Dive Brief:
- Executives at the Edison Electric Institute told Wall Street analysts Tuesday the association is engaging with Congress to pass energy permitting reform legislation after the Energy Independence and Security Act of 2022 failed last year in Congress.
- EEI, which represents investor-owned utilities, is also working with the Federal Energy Regulatory Commission and state agencies on rulemakings on issues such as transmission buildouts. The work will take 10 years or more with “almost all of” that time required for permitting and related regulation, said EEI’s General Counsel and Executive Vice President of Clean Energy Emily Sanford Fisher.
- EEI said utilities were attractive investments last year. The EEI Index, which measures shareholder return for the 39 publicly traded U.S. investor-owned electric companies, delivered a 1.5% return while the Dow Jones Industrial Average, S&P 500 Index and Nasdaq Composite each had negative returns.
Dive Insight:
“This is about some urgency,” Philip Moeller, EEI’s executive vice president of business operations group and regulatory affairs, said about the need for legislative and regulatory action to streamline permitting. “And not only for the clean energy transition, but resource adequacy issues, congestion issues. As we electrify more, we need more transmission, and we need it sooner rather than later.”
The association’s chief strategy officer, Brian Wolff, said EEI is in talks with Sen. Joe Manchin, D-W.Va., and House Republicans and Democrats about advancing permitting reform legislation. EEI expects to work on the issue most of the year, he said.
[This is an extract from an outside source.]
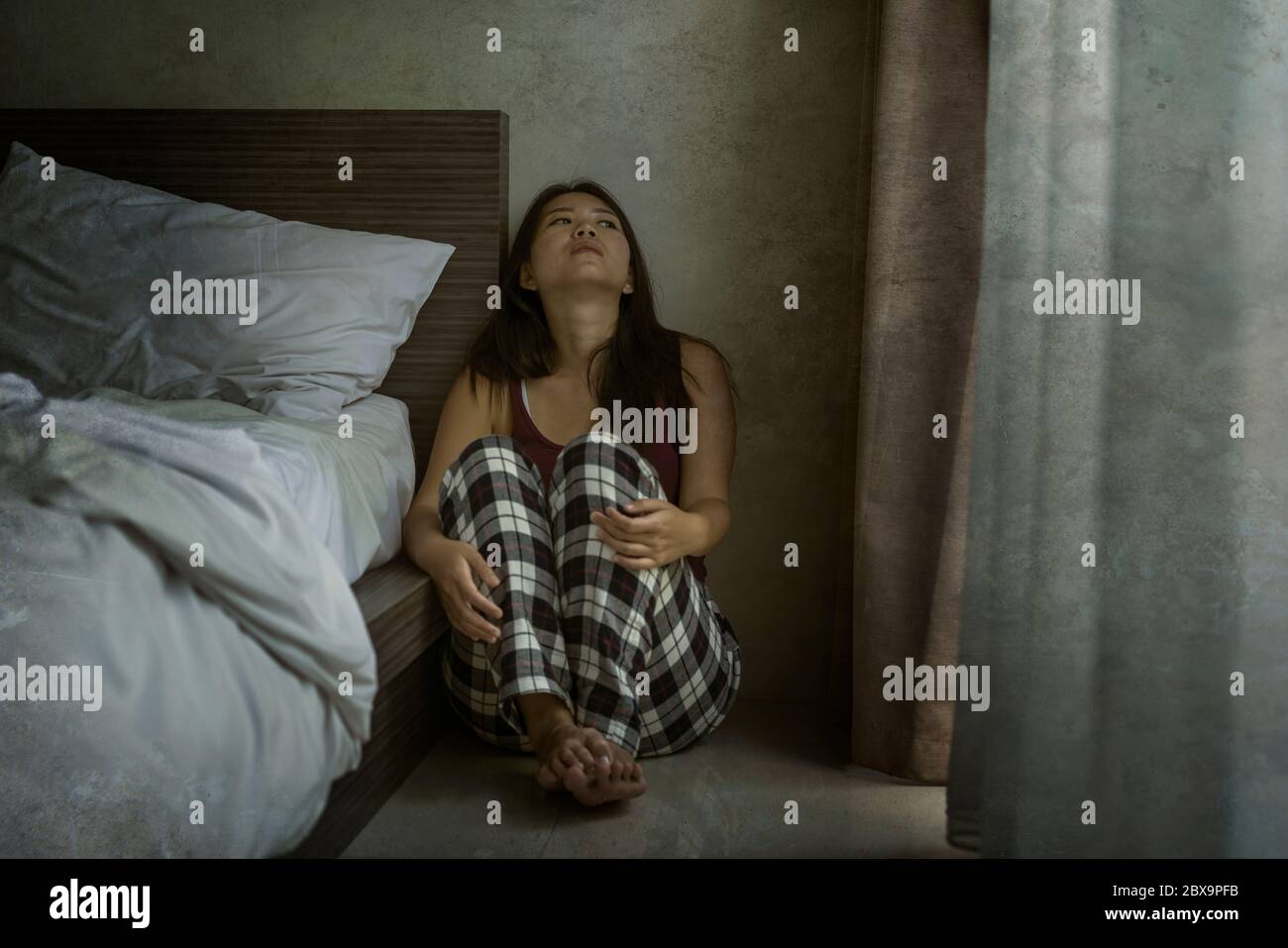 dramatic dark portrait of young attractive depressed and sad Asian Chinese woman on bedroom floor feeling worried and scared suffering depression prob Stock Photo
“I think it’s something we’ll work on throughout most of this year,” Wolff said. “Emily and her team are working on a set of guiding principles so that stakeholders and others can get on board.”
Manchin’s energy permitting reform proposal was “pushed very quickly through the process” at the end of last year, he said. The Senate ultimately rejected adding it to the National Defense Authorization Act.
“We really didn't get a lot of opportunities to make sure that they understood our constructive points,” Wolff said. “So it’s a different process, it's a different year, and we’re treating it as a clean slate. And we've been at it since January, making a little bit of progress.”
Manchin warned in December that a failure to reform permitting would leave “billions and billions” stranded due to unmet transmission needs, even as the Inflation Reduction Act creates unprecedented growth opportunities for clean energy development.
“What we need is some certainty that the permits that are issued, and the environmental reviews that are completed, are durable and can survive legal review – or maybe this is my fantasy that it won't end up in a legal review process,” Fisher said. “As a lawyer, I'll just say it's better if you don't end up in litigation.”
Fisher told the analysts that while permitting reform legislation will be necessary to solve much of the problem, regulatory agencies such as FERC and the Department of Energy possess tools that EEI thinks can accelerate the process of a transmission buildout.
In the meantime, EEI President Tom Kuhn believes that emerging jobs in renewables will be filled without trouble, despite the wind industry reporting struggles to find qualified workers in a study by the National Renewable Energy Laboratory, and a 2021 report from the American Clean Power Association projecting that job growth in the sector will outpace labor supply.
“We're hearing from a number of companies that so many people now want to get into our industry, because they see that we're the solution to environmental issues, we are the solution to climate change,” he said.